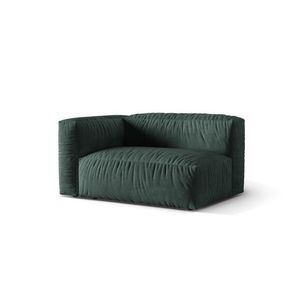 Modul stanga pentru canapea, 1 loc, Martina-120, Micadoni Home, 160x106x75 cm, catifea, petrol imagine
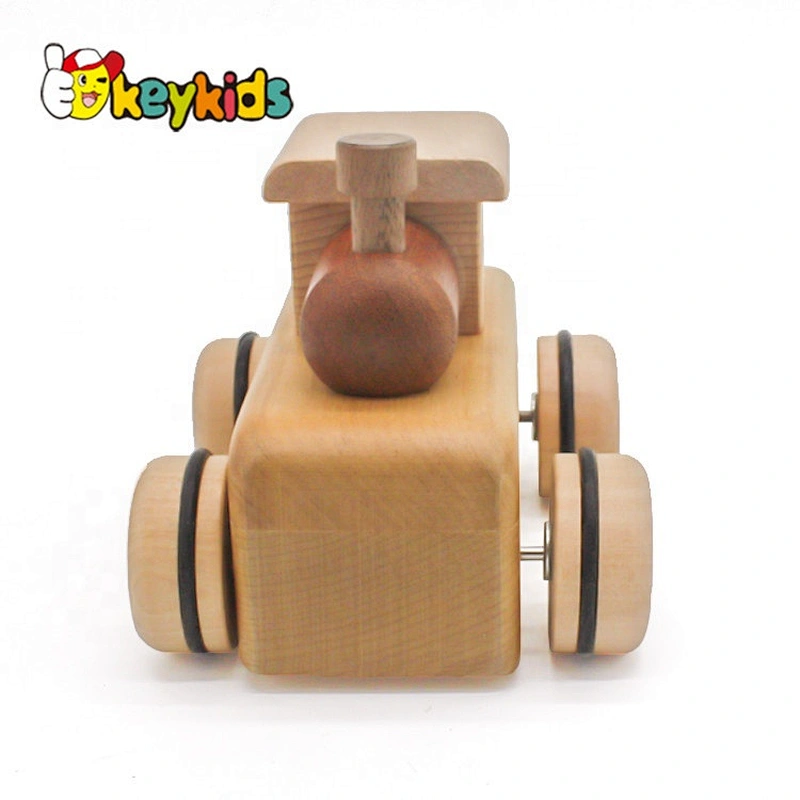 high quality small wooden toy car with music W04A390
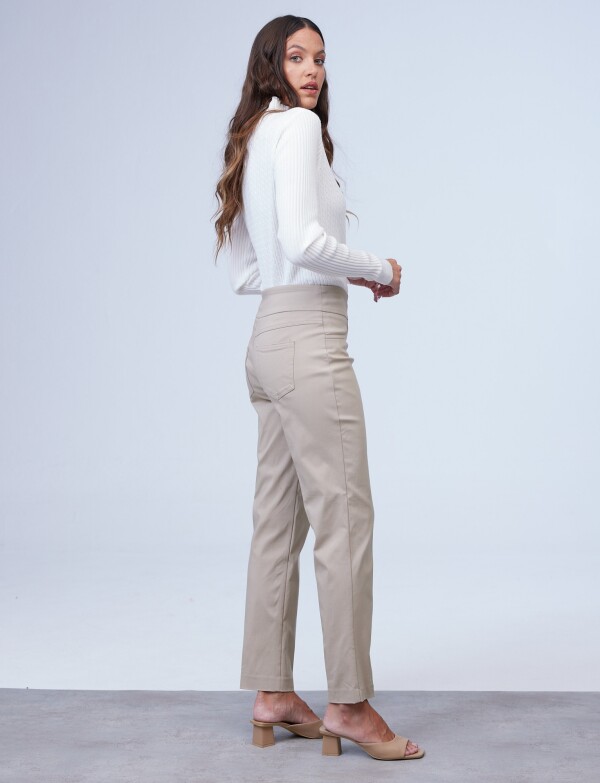 Pantalon Pull On BEIGE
------
### [PROBLEM REQUIREMENTS]
The expected output is the whole listing, word for word, minus its pictures.

### [RESULT]
 Modul stanga pentru canapea, 1 loc, Martina-120, Micadoni Home, 160x106x75 cm, catifea, petrol imagine
 high quality small wooden toy car with music W04A390
 Pantalon Pull On BEIGE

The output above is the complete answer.